Nella tragedia di Lampedusa del 3 ottobre ha perso la sorella. Hagerawit Shishay aveva 22 anni. Suo marito lavorava nell’esercito e guadagnava 150 nakfa (la valuta eritrea) al mese, pari a poco più di sette euro. Aveva un bambino di tre anni. Ha deciso di scappare, senza avvisare né la madre né il marito, dopo essere stata arrestata, quasi per paradosso, perché accusata di ipotizzare una sua fuga dall’Eritrea. È stata rapita in Sudan. La famiglia è stata costretta a pagare un riscatto per farla rilasciare.

“Ha proseguito il suo percorso fino al campo in Libia dove – ricorda padre Musie – ha festeggiato telefonicamente il terzo compleanno del suo bambino. Mi ha inviato un sms che ancora conservo e che mi commuove ogni volta che lo rileggo”.

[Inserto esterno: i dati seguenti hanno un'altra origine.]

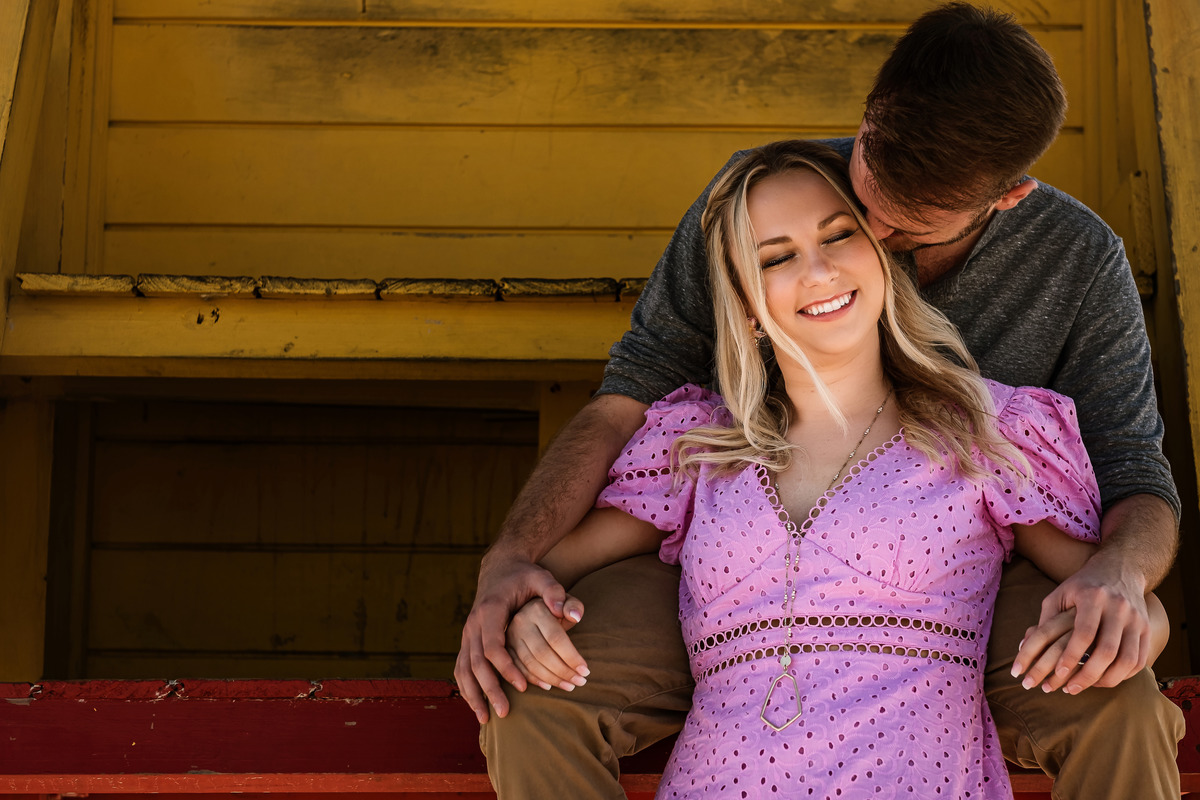 casal apaixonado em mirante na praia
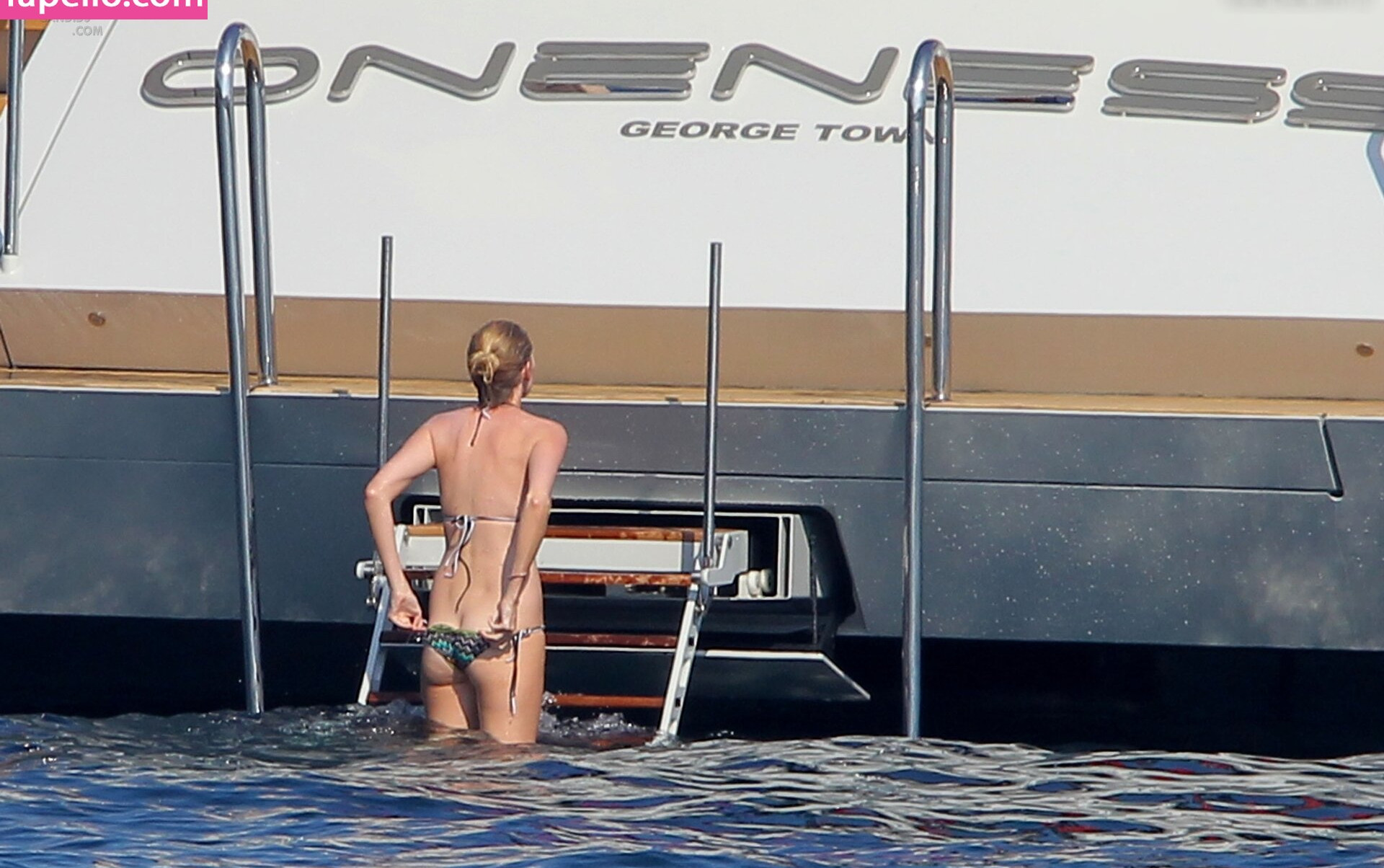 lara-stone gallery photo #14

“Ho deciso di partire – scriveva Hagerwit qualche giorno prima della tragedia – e ti chiedo di pregare per me e per i nostri familiari. Ci rivedremo presto secondo la volontà di Dio.” È morta mentre attraversava, insieme ad altre 500 persone, quasi tutti eritrei, il mare davanti a Lampedusa. Sono morti in 366, di cui 16 bambini. I superstiti sono stati 157.

Un viaggio che vale oltre un milione di dollari, tenendo conto che ogni persona paga, solo per il tragitto con la barca, oltre duemila dollari. Una dimensione economica impressionante che da l’idea di quale business si nasconda dietro i “viaggi della speranza”.

“Mi sono recato a Lampedusa – prosegue padre Musie – per riconoscere il corpo di mia sorella, ma non ho potuto piangere né il suo corpo né vedere la bara. Ho potuto procedere al suo riconoscimento solo grazie a una foto e all’aiuto di un ragazzo sopravvissuto che viveva nello stesso Paese di mia sorella in Eritrea”. “Mi hanno dato solo un freddo numero: il 72. È con quel numero che si identifica la bara”.

Sono quei numeri che abbiamo visto in tanti servizi televisivi o sui giornali. “Ho parlato con mia madre – dice Musie – che non vuole credere alla morte di sua figlia e implora Dio di farle vedere che non è vero”.

Oggi padre Musie teme di parlare con la madre e con i propri familiari perché è consapevole che le chiamate sono controllate dal Governo. Non è libero di raccontare nulla. Non ha però paura, convinto che “la sua bocca si chiuderà solo da morto”.

Sogna Musie di poter riportare – anche per le promesse pubbliche del suo Governo – sua sorella in Eritrea, da sua madre. Per ora gira però solo con un foglietto in tasca con il numero 72 e non gli resta che rileggere sul cellulare l’ultimo messaggio di sua sorella.